Published 29 June 2004 in The Denver Post.
Copyright ©2004 by Ed Quillen. All rights reserved.

If Acts of Congress meant anything, America would have gone metric in 1985 and our email inboxes would not be crammed with those unsolicited commercial messages known as spam.

Late last year, President George W. Bush signed the Controlling the Assault of Non-Solicited Pornography and Marketing Act of 2003, better known by its contrived acronym as the CAN-SPAM Act. It took effect on Jan. 1, and it was supposed to reduce the flow of Viagra offers, enlargement methods, home-mortgage refinance solicitations and diploma-mill proposals.

Since then, my spam volume has only increased. It used to comprise about 30 percent of my incoming e-mail, and now it has passed 90 percent; of the 183 emails that arrived last weekend, 169 were spam.

I don't know if there are any reliable statistics on a broader basis, but there's plenty of anecdotal evidence that the barrage is growing.

In ways, spam is easier to handle now, despite the increased volume. I haven't installed a filter, but affordable high-speed internet service is finally available in Salida.

(For years, Qwest refused to offer DSL service here because our small market wasn't worth the investment.
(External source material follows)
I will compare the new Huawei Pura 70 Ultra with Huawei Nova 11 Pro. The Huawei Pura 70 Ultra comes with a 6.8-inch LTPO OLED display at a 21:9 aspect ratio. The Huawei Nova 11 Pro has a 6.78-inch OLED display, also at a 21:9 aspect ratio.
But after the cable company began offering broad-band service early this year, Qwest announced DSL for Salida. We weren't worth the investment when Qwest could have enjoyed an effective monopoly on high-speed service here, but we are worthwhile when Qwest has to share the market. Go figure. Anyway, I hope there will be enough competition to push rates down.)

In the days of dial-up, it seemed to take eons to download a bunch of spam that I was going to delete. Now it takes just seconds.
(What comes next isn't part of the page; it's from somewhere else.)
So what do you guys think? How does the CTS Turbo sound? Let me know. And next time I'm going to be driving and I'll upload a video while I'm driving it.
The spammers keep getting more clever. They used to try to evade filters with deliberate misspelling, like \/|@gRa. The new trick is to format the message as a failure to deliver notice from an email server, with an attachment that is supposedly the message you were trying to send. It is, of course, an offer to refinance your house or to provide a master's degree based on what you already know.
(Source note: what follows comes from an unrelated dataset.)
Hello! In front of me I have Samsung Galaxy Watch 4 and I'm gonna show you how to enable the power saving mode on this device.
Several years ago, I proposed a solution -- start charging for email. The idea was for ISPs (internet service providers) to collect a minimal fee, something like one mill, from customers for each email they sent. This fee wouldn't bother any normal user -- a mill is a tenth of a cent, so even if you sent 100 messages a day, it would cost only $3 a month. But it might be enough to deter people who send 100,000 messages a day, and the proceeds could go to some worthy cause, like paying off the national debt.

Judging by the reaction to that, I might as well have proposed taxing the air. People complained that it was an infringment on free speech, although it seems to me that attempting to fill my computer's hard disk with junk is a form of trespassing, not speech.

So here's another proposed solution, one that is voluntary all the way around. It could be implemented by a public agency, like the U.S. Postal Service, or a private company with technological expertise, like Google or Yahoo.

Basically, you'd set up an account so that sending each email would cost a nominal amount, like a penny, and you'd buy e-stamps in advance for your account, just as we buy postal stamps now.

You could still send free email, of course, but everyone would know whether it was stamped or free. A recipient could set her email client to receive only stamped email, or all email, or for that matter, only unstamped email.

With stamped email, you'd know that the sender believed that the message was worth paying something to deliver. There would doubtless be some attempts at e-stamp forgery at first, but it should be a manageable problem.

As noted earlier, this would all be voluntary. No one would have to participate to send and receive email. However, the stamped email would enjoy greater credibility, and the response rate on unstamped spam should drop so low that the spammers would go into some other line of work, like selling aluminum siding or red, white and blue George W. Bush action-figure dolls.

So there's a simple market-based solution, and I'm willing to bet it would work better than any Act of Congress.